Ni el ruido de batalla proveniente de las tribunas, ni la sensible emotividad de recordar a Neymar, despeinaron a los teutones. Fue obvio que salieron conscientes de que debían resistir el embate inicial para luego desplegar su juego.
El cataclismo empezó antes del primer cuarto de hora. Los infantiles errores en la defensa brasileña –un campo muerto y desierto- permitieron a los atacantes germanos realizar, a ritmo de entrenamiento, una variedad inagotable de trazos geométricos que desembocaron en una andanada incontenible de goles.
Después del descanso, la única estrategia posible para Felipao era evitar más caídas y marcar por lo menos el tanto de honor. Desafortunadamente sus seleccionados carecieron de aplomo para sortear la profecía de la Copa Confederaciones: quien la levanta el año previo, nunca se corona campeón del mundo en el siguiente.
Fue un patético espectáculo en el que se batieron un par de récords nada despreciables. Por un lado, el delantero alemán Miroslav Klose, con 16 anotaciones, se convirtió en el máximo artillero en la historia del torneo. Por el otro, la peor humillación futbolística recibida por Brasil, sucumbiendo 6 a 0 a manos de Uruguay en el sudamericano de 1920, fue superada por el 7 a 1 de esta tarde.

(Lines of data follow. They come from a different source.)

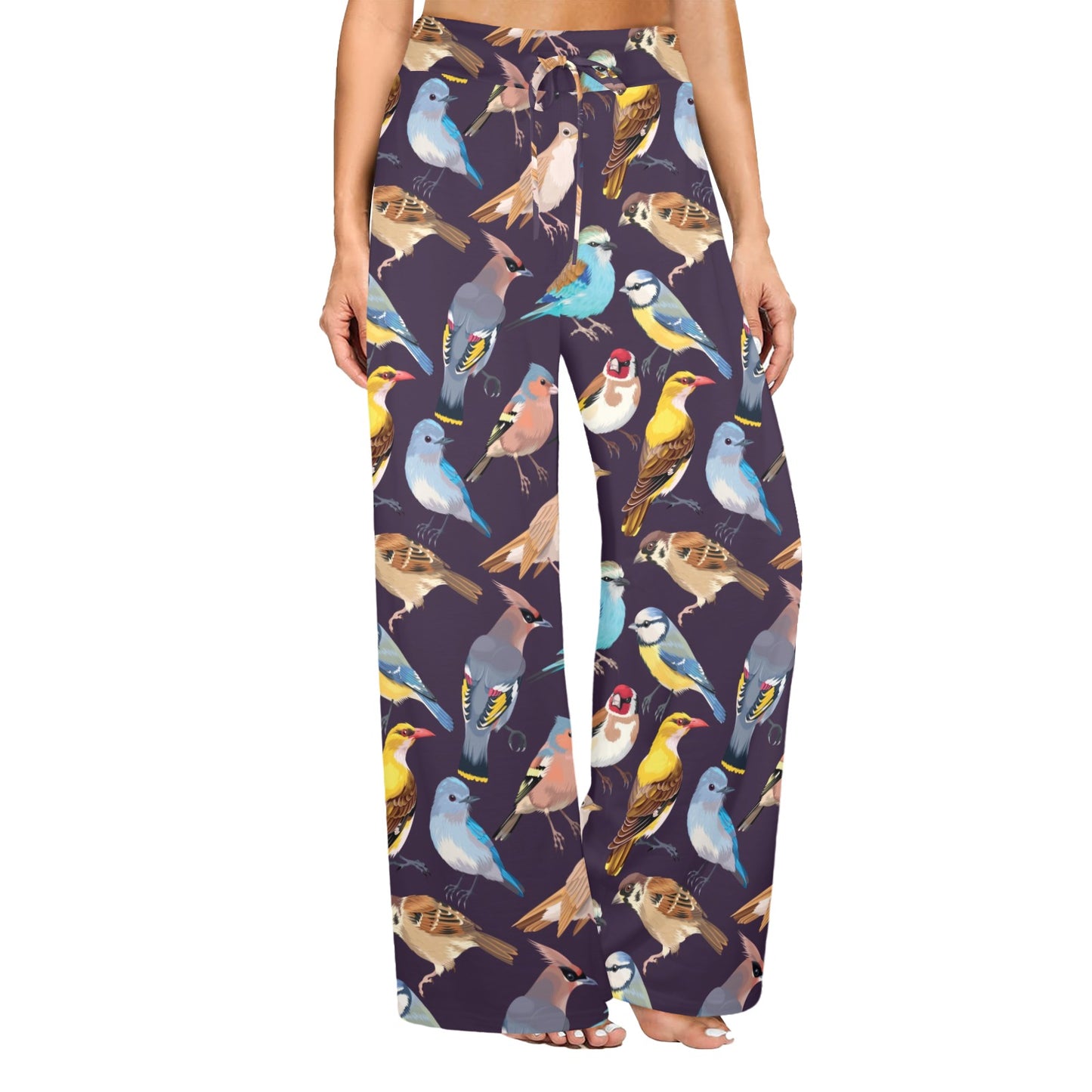 Bird Cute Print Pattern Women's Wide Leg Lounge Pants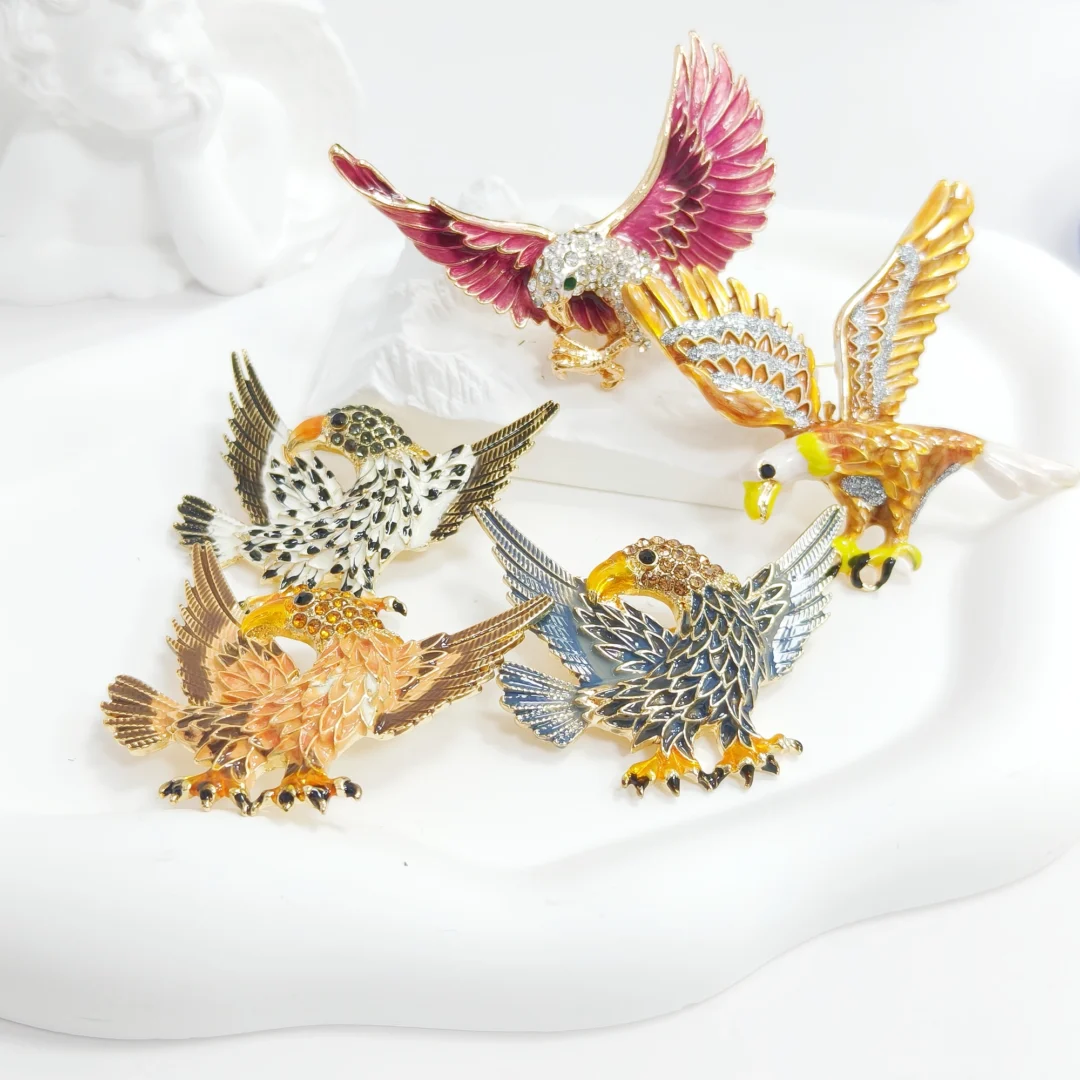 Pink Enamel Eagle Brooch - Image 3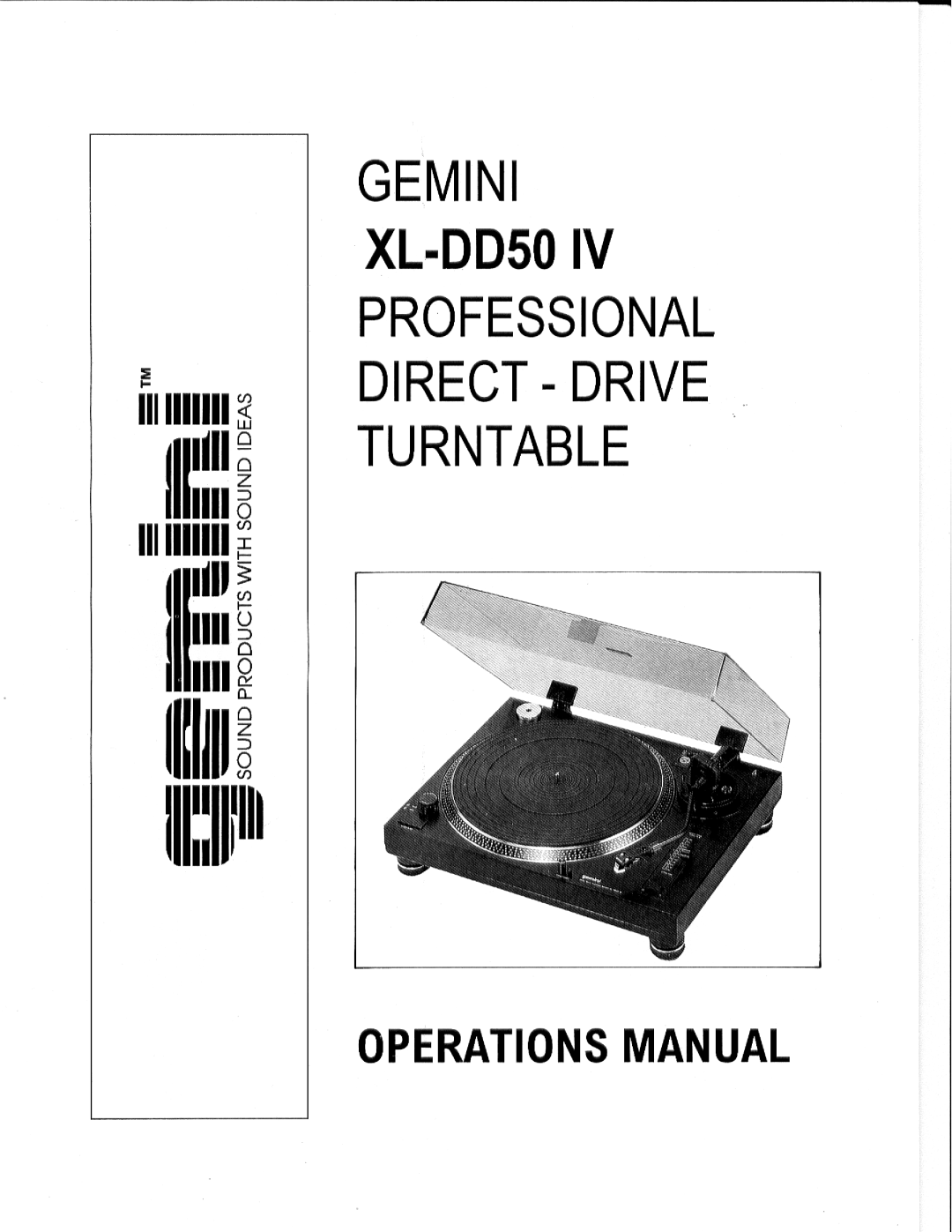 Gemini XL-DD50 IV E manual 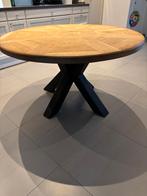 Ronde tafel in hout met tafelpoot (spinpoot) zwart, Huis en Inrichting, Ophalen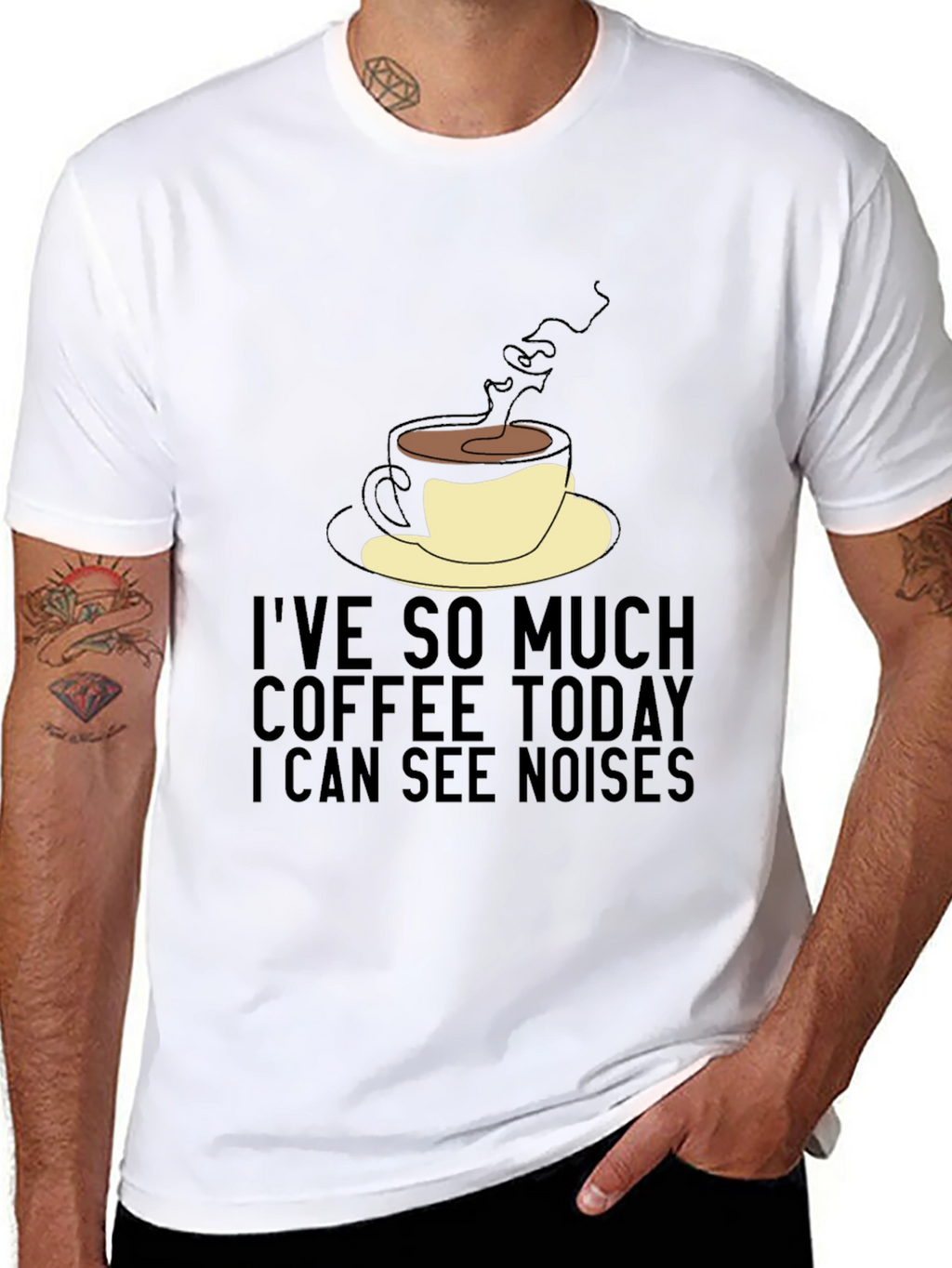 Coffee Lovers Tee: I See Noises Graphic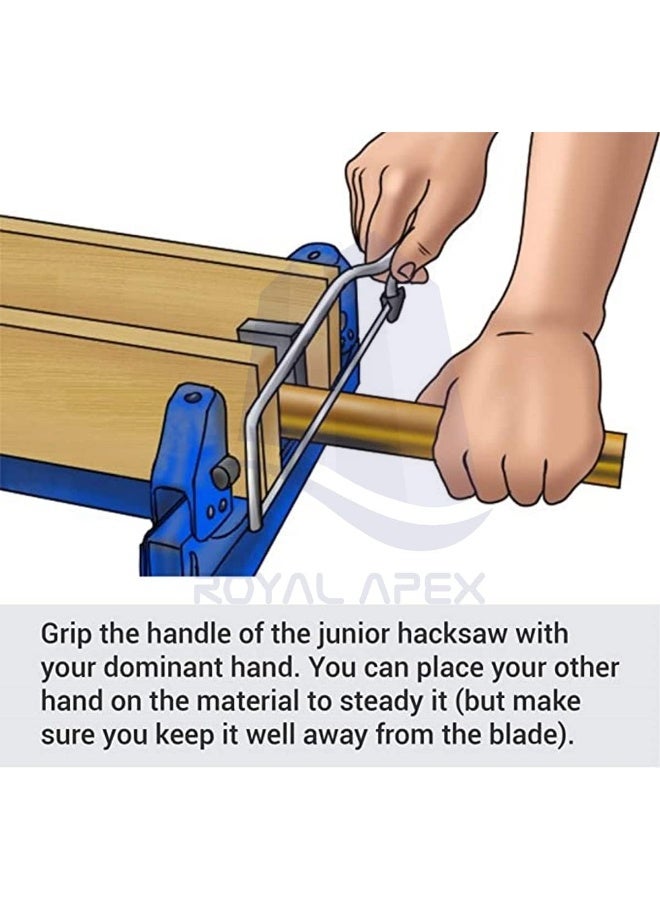 Royal Apex Small Junior Mini Steel Hacksaw Frame Saw Blades 6Inch For Wood And Metal Cutting  - Image 3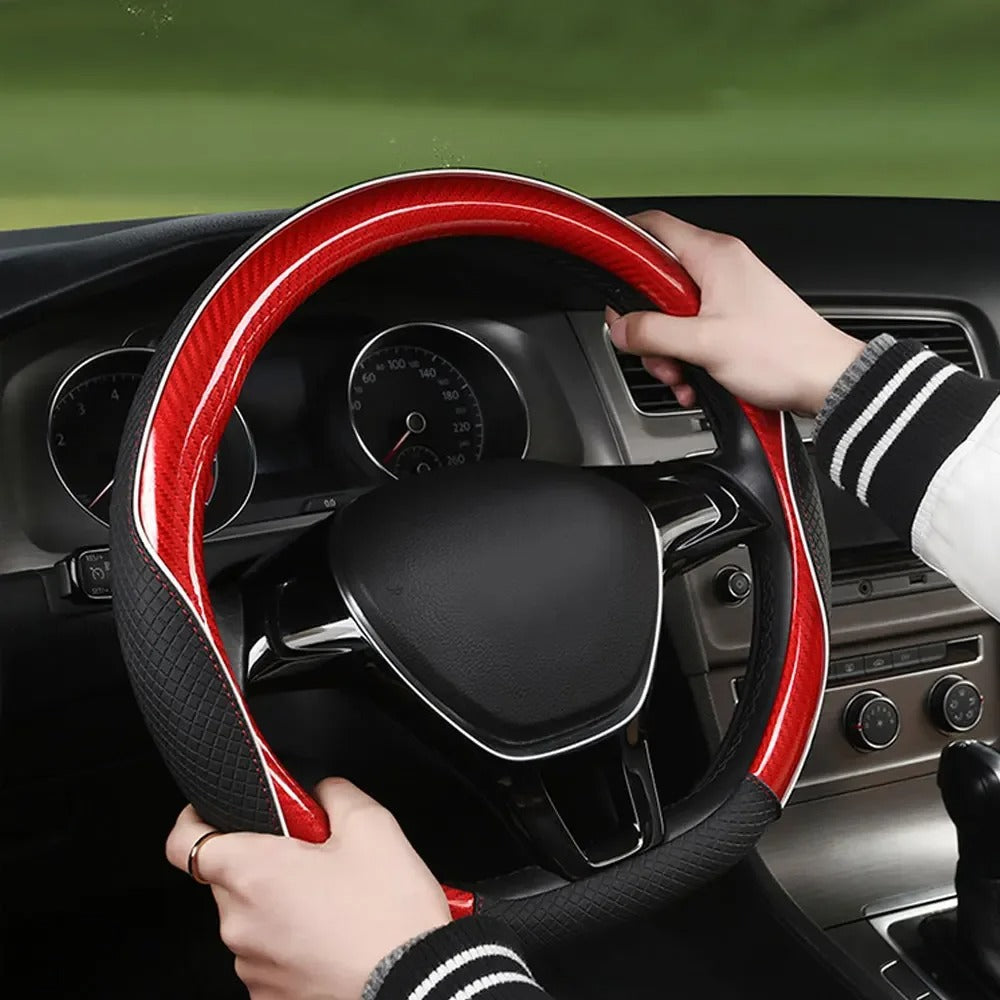 Carbon Fiber Microfiber Leather Steering Wheel Cover – Universal 37–38CM Non-Slip Grip - Delicate Leather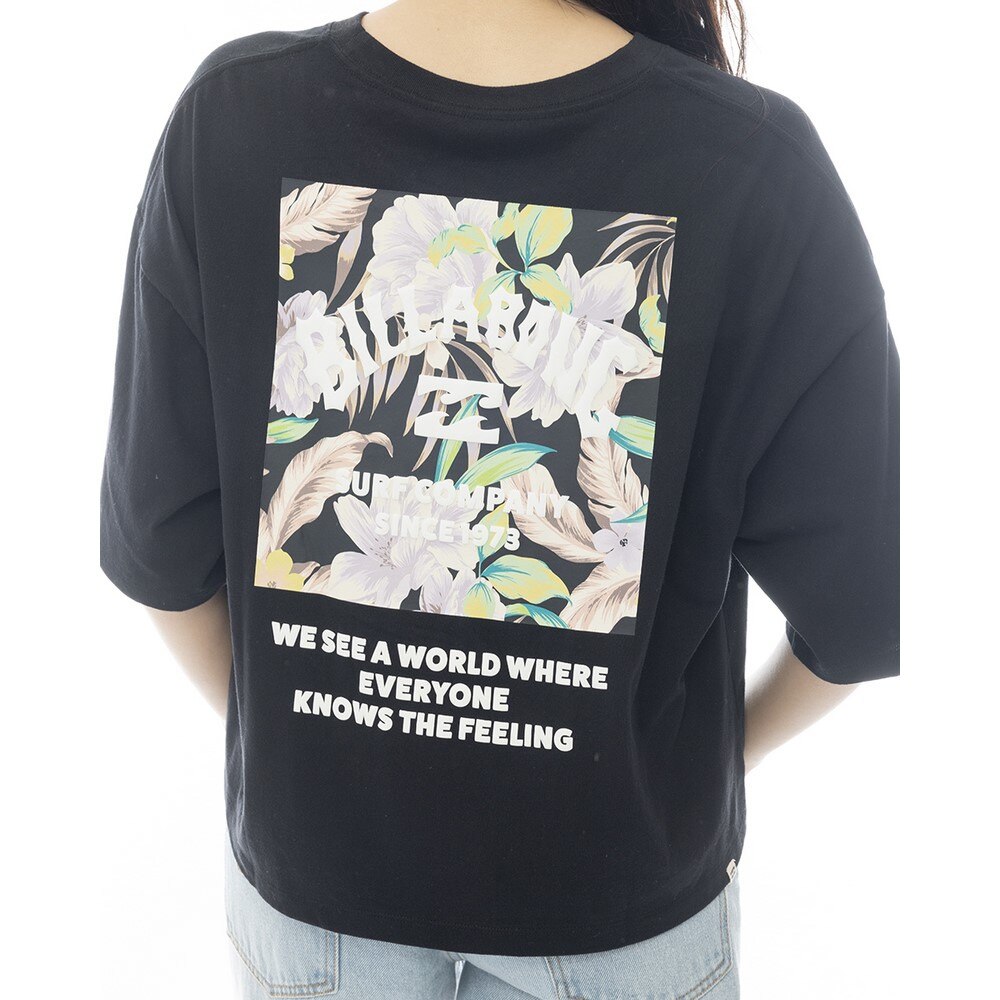 ビラボン（BILLABONG）（レディース）SQUARELOGO CROPPED 半袖Tシャツ BF013205 BLK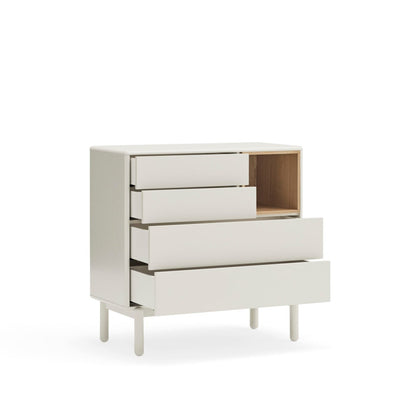 Corvo Chest of Four Drawers, 90 cm, Storage - Cream and Oak Finish
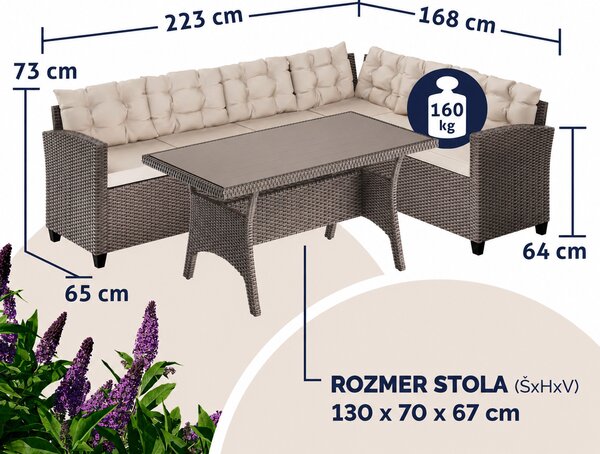 Ratanová zostava Sedan I. - krémová/béžové podušky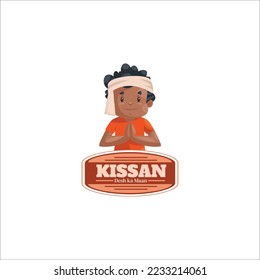 Kissan desh ka maan vector mascot logo template.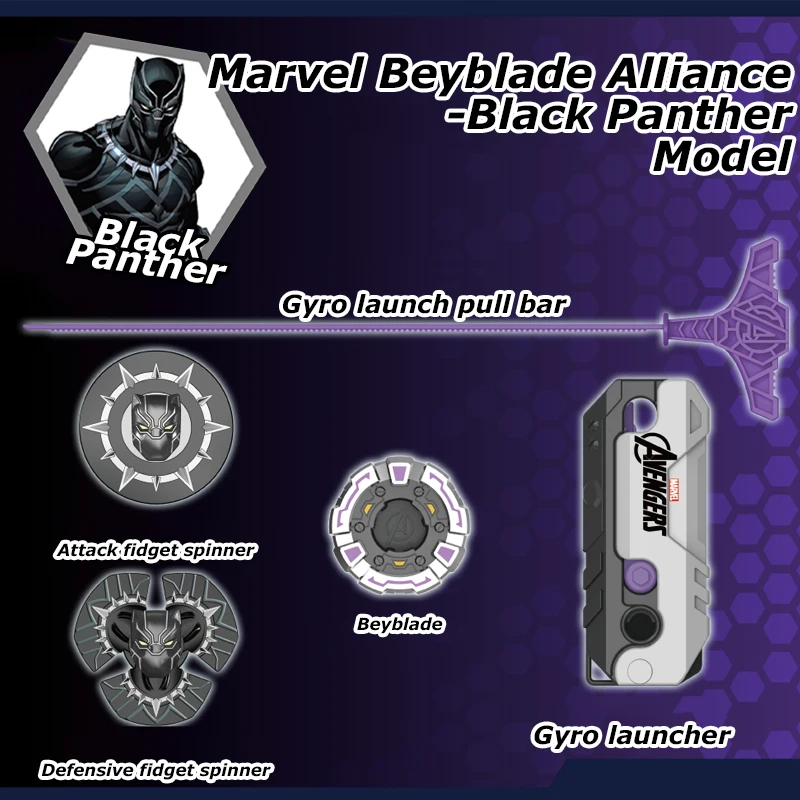 Marvel Avengers Black Panther Style Beyblade Battle game Beyblade launcher 4PCS Fidget Spinner Movie Peripheral Toy Set Boy Gift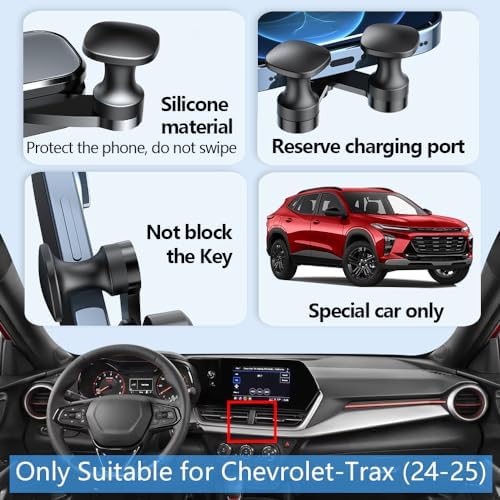 Elevate Your Driving Experience with the Chevy Trax 2024/2025 Car Phone Holder Mount – Premium Smartphone Bracket for Enhanced Safety and Convenience – Adjustable Viewing Angles, Durable Construction, Effortless Tool-Free Installation, Perfectly Fits All Mobile Devices for Seamless Navigation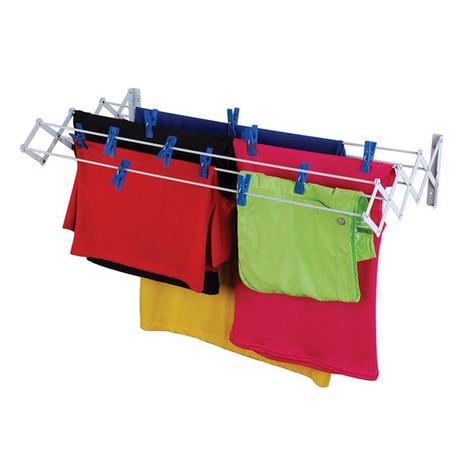Varal de Roupas 100cm em Aço Sanfonado de Parede Retrátil - Mor Menor preço em Varal de Roupas 100cm em Aço Sanfonado de Parede Retrátil - Mor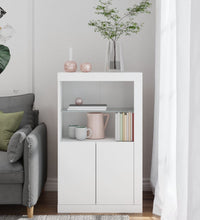 Beistellschrank mit LED-Leuchten Weiß Holzwerkstoff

Las lágrimas inundaron el Mineirao desde muy temprano. Lo que hizo recordar de inmediato, por una cuestión de instinto, el Maracanazo, Y llegar a la conclusión de que a los cariocas no les conviene ser anfitriones. La tragedia ronda su casa como un ladrón resuelto a robarles la alegría.
A fin de consolarlos, y a riesgo de revolcarse en un eufemismo miserable, quizás valga citar lo que esos pastores evangélicos, famosos en la televisión de madrugada y compatriotas de Pelé, suelen predicar sin pausa: “Pare de sufrir, pare de sufrir”.
El certamen, gracias a Dios, terminó para el ¿“scratch”?